The Great Lockdown fell on us like snow in the small hours. When we woke, the conditional right of free movement had been snuffed out. A new quietness blanketed the land. Every city, I remember thinking, must now be Venice: a place of voices and footsteps. With an added frisson of disquiet. Every voice, every footstep needs justification. Every breath could kill.
In France, with its grand bureaucratic traditions, we were obliged to wave a piece of paper at unsmiling enquiry—an attestation. (This, by the way, is one of the two most French words in existence, along with inadmissible.) And so we stole about our localities “on brief journeys, close to the place of residence, linked to the individual physical activity of persons, to the exclusion of all collective sporting practices.”
It was my good fortune that I heard, on April 8, 2020 after a walk through silently unfolding vines, the three quiet “hoo” calls of the hoopoe, freshly come from the Sahel; eight days later, falling like flakes through the novel silence of the afternoon, the first vocal press-ups of a nightingale, landed perhaps from Senegal. We humans were stilled, but others were on the move. The sap was on the move. The year was on the move.
Wine, along with birdsong, is our chief consolation now. Turn on the radio and out tumbles tragedy: lives concluded too soon, and in perplexing solitude; businesses sent sprawling; the active rendered idle, lonely, poor, and anxious. We mark time, live on our reserves, while those whose business is health exhaust their own, working on the edge, risking all. Wine has never seemed more superfluous as an edifice, a vast palace of fussiness; yet its essence, as not just a physical but a psychological or spiritual restorative, has never been more useful.
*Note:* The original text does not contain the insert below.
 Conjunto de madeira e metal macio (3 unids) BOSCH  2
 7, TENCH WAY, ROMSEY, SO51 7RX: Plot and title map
Much and sometimes all of the customary texture of life has been stripped away, so we treasure that which fortifies resolve—like a glass of wine at day’s end. Wine, for the time being, has gone elemental.
Linked by living water
And this was the elemental wine I sought out as the quietness fell. I had one bottle, Domaine de Villaine Bouzeron, bought last year in crowded Beaune, shortly after I’d helped some Hong Kongers disburse thousands of euros on lordly grands crus and rich premiers crus. Bouzeron is a little appellation, a paradigm of modesty—just 60ha (148 acres) of vines in a hidden valley. It’s for Aligoté; the valley is so deeply hidden they forgot to tear out the Aligoté after phylloxera had cut its swathe through the Chalonnais, after all the village men had gone off to work on the railway. Or at least they did up at the top of the hills, above 270m (885ft) or so, where the old stumps of Aligoté Doré linger; down at the bottom there is Chardonnay and Pinot for Bourgogne. Aligoté upslope seems to like its cool slopes of stony marl. It’s altogether less articulate than Chardonnay, less rich and less giving. Snowier. More hushed.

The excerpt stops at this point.